The Dilemma is a far better film and that is simple because it is well made. Credit that to director Ron Howard who rarely makes comedies. One of his only attempts was the movie Splash, back in 1984, and it turned out to be a comedic gem. The Dilemma might not be anything close to that, but it is still a lot better than it looks.


The movie is indeed about Ronny seeing Nick’s wife, Geneva (Winona Ryder) out with another guy, smooching all over him. That guy is an airhead named zip, played by Chaning Tatem. And Ronny does spend the rest of the movie debating about whether or not to tell nick. But they also have other things going on. They have a major deal with a car manufacturer, which brings in Queen Latifah and a few strangely sexual ratings. Then there is also the situation where everyone is telling Ronny that he should propose to his girlfriend, Beth, and is on the verge of doing that until all of this other stuff goes wrong.


That other stuff includes Ronny taking a nosedive into some poisonous plants and getting a massive rash all over his face and body. It also includes him trying to take photos of Geneva and zip and ending up in a fistfight with zip outside on the street. And Beth might not know what her boyfriend is into, but she can certainly tell that something isn’t right.

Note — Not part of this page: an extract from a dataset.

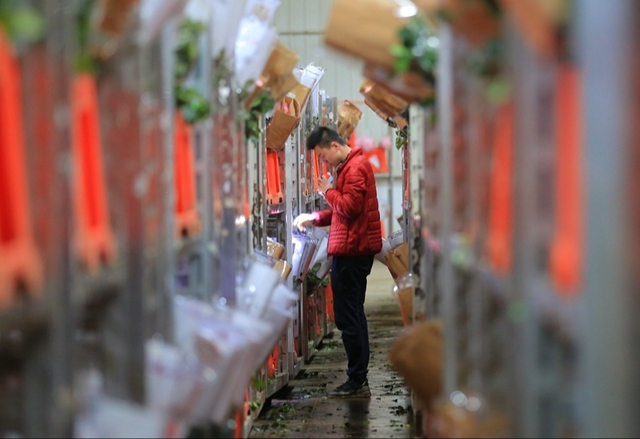 Dạo một vòng chợ hoa hoành tráng nhất Trung Quốc: Hơn 1.600 loại hoa thỏa sức mà lựa, giá rẻ chưa từng thấy - Ảnh 10.
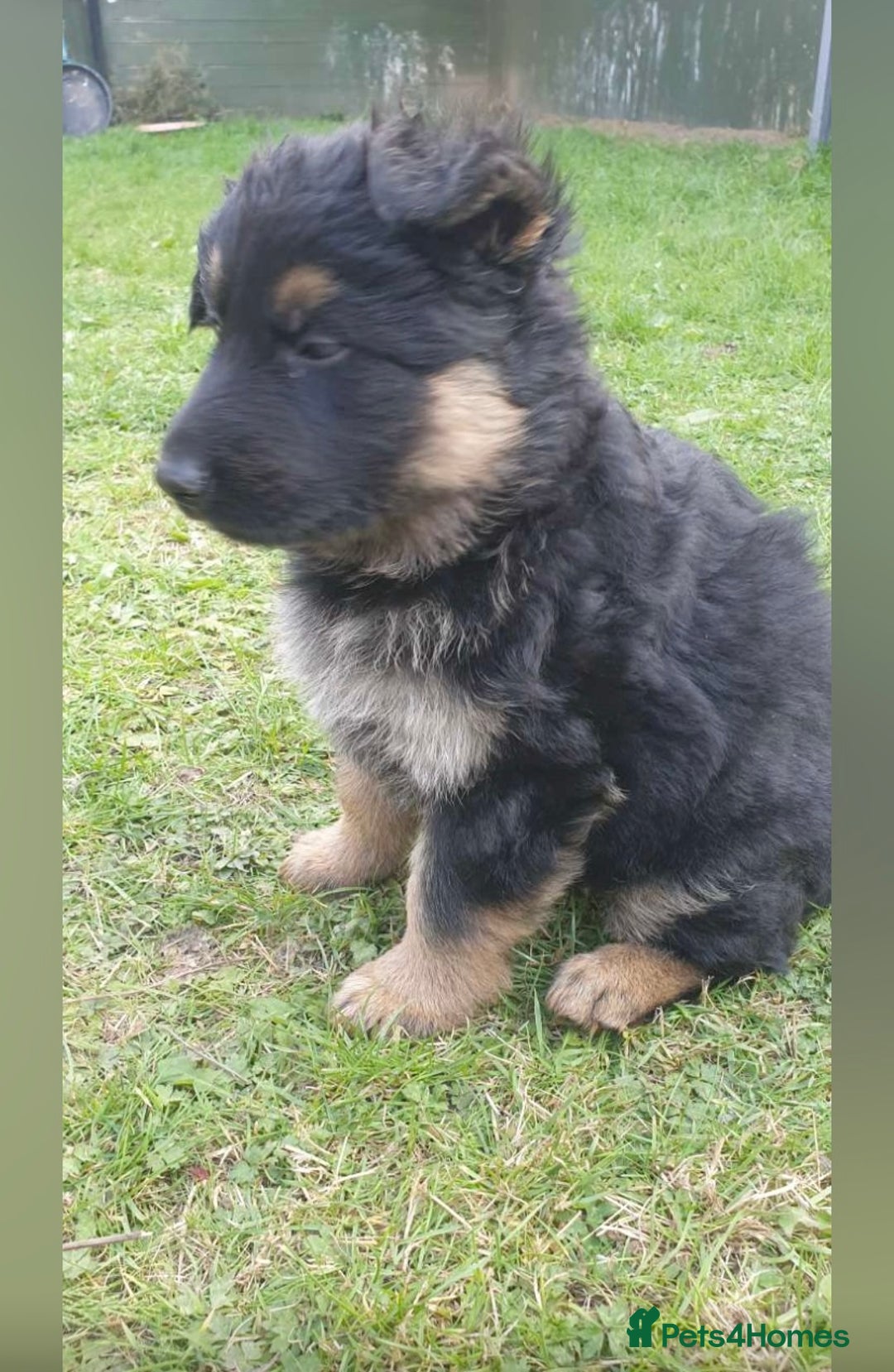 German Shepherd dogs for sale: beautiful long haired working german shepards - Image 4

The movie saves a nice little surprise of back-story between Beth and Ronny and something they’ve had to deal with in the past, that makes his not telling her what’s going on, all the more complicated.


Speaking of back-story, Ronny and Geneva have some of their own, and run Howard basically builds this movie on the relationships between characters and their past history together. I’m surprised we don’t learn more about the past adventures of Ronnie and nick together, the two characters that you would expect to hear the most about. Maybe that’s because Howard didn’t want to overdo it with the love-fest between them (they already have a scene early in the movie where they jokingly dance together and pull off a creative little number.)


The movie is helped a great deal by the zip character. He only shows up about half way into the film or so, but he is by far the liveliest and funniest character on hand here. Aside from Ronny, he’s probably the only one I like in the movie as well. That’s because he’s sensitive and has a heart. Yes, he’s helping a wife cheat on a married man, but like he says, “it takes two.” Between he and Geneva, he is not the one doing the cheating, and he seems to even feel bad about it.


At a certain point, the movie does run out of steam, and unfortunately it’s before the climax. Once the secret of what’s been going on has been let out of the bag, there shouldn’t be a whole lot of movie left. And I guess there isn’t, but a final scene on the ice at the hockey rink is kind of a waste, and nothing really gets resolved that wasn’t already settled before.


There are two good things about The Dilemma. One, of course, is the character zip and how he is the exact opposite of any villain or antagonist we might have expected. But the other funny thing about the movie is the way that Ronnie tells Beth made up stories to explain why he looks or is acting a certain way, and they are always ridiculous. One involves a bar fight. My favorite involves him having to reach under some “street plants” to help get a ball for some fat kids. We even get to see him trying to get the ball for these kids, even though we know the whole thing is made up. And hearing Beth question how ridiculous these stories and Ronnie stick by them with conviction, is a lot of fun. The movie is not good, but at least there are some redeeming elements, and it’s not as bad as it looked.